Regina José Galindo Addresses Police Brutality through Performance Piece SIREN at the Watermill Center

SIREN, performed by Regina José Galindo in collaboration with a dozen mechanics. Photo by Maria Baranova.

This year, the Watermill Center’s annual benefit was centered on “The Body,” a familiar territory for Guatemalan performance artist Regina José Galindo. She used the occasion to debut her piece, “SIREN”. Over the course of two hours, Galindo sat in the back of a police car as a crew of twelve mechanics tore it to pieces. The final product was a lifeless pile of bolts and wires.

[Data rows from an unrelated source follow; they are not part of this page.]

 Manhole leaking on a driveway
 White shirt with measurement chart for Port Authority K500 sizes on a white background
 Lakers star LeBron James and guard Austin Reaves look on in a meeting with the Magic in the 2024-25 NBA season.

SIREN is a vivid argument for the practicality of breaking down oppressive institutions. A reminder that the effectiveness of state violence comes from the summation of small parts working together. "The police car is a symbol of oppression, of power. By dismantling it, piece by piece, we are playing the game of dismantling a system of oppression,” Galindo says. The artist cites the Black Lives Matter movement as a moment of inception for this piece, “Police violence became a national problem and I thought it pertinent to use my fellowship at the Watermill Center in New York to make a comment on this situation. A comment turned into action. Take power away from power. Dismantle it little by little.”

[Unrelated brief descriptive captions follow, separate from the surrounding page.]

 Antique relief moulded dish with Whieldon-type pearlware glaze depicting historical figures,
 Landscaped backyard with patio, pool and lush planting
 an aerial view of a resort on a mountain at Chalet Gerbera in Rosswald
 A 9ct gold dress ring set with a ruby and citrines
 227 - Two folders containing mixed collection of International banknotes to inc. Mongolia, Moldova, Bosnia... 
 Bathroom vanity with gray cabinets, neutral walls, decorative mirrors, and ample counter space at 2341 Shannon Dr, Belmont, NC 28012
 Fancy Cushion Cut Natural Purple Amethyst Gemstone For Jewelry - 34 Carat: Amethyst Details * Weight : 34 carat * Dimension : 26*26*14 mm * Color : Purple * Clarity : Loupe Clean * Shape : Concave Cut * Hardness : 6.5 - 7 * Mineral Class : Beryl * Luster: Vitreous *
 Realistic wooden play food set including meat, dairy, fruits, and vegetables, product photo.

The dismantling can only take place, of course, by a collective and organized effort. SIREN was carried out in collaboration with twelve mechanics.

“My relationship with the chief mechanic, Gurcan Akis, was very positive. He seemed enthusiastic about the matter of dismantling a police car and wanted to do everything carefully to remove the pieces one by one, if possible, without damaging them. He confidently detailed the operation of dismantling the car, organized all of the mechanics with our team and gave guidance on the steps to follow,” Galindo says of the partnership. “During the performance, Akis made sure everything was under control. From the start of the collaboration with the auto mechanics, all of them made me feel very confident in SIREN's process,” she asserts.

The effectiveness of SIREN is in showing that an institution can in fact be stripped and divested of its power, a constant theme for Galindo whose work often exalts personal responsibility in the face of institutional transgression.

“I generally design into a performance a few punctuated moments of public awareness. I hope that the public can stop and pause to think about what I am commenting on. In the case of SIREN, I denounce police abuse committed against the population not only in the United States but throughout the world. The siren was kept on for quite a long time, that is until it lost power in the dismantling of the car. The siren's sound kept the public alert and this sequencing was by design,” Galindo admits.

SIREN was an action with great emotion, sitting there in the backseat watching. Watching how the car that is there supposedly to protect is dismantled piece by piece by a group of 12 men who work almost like ants following a very well-organized plan. SIREN was a transgression, a breach of order.”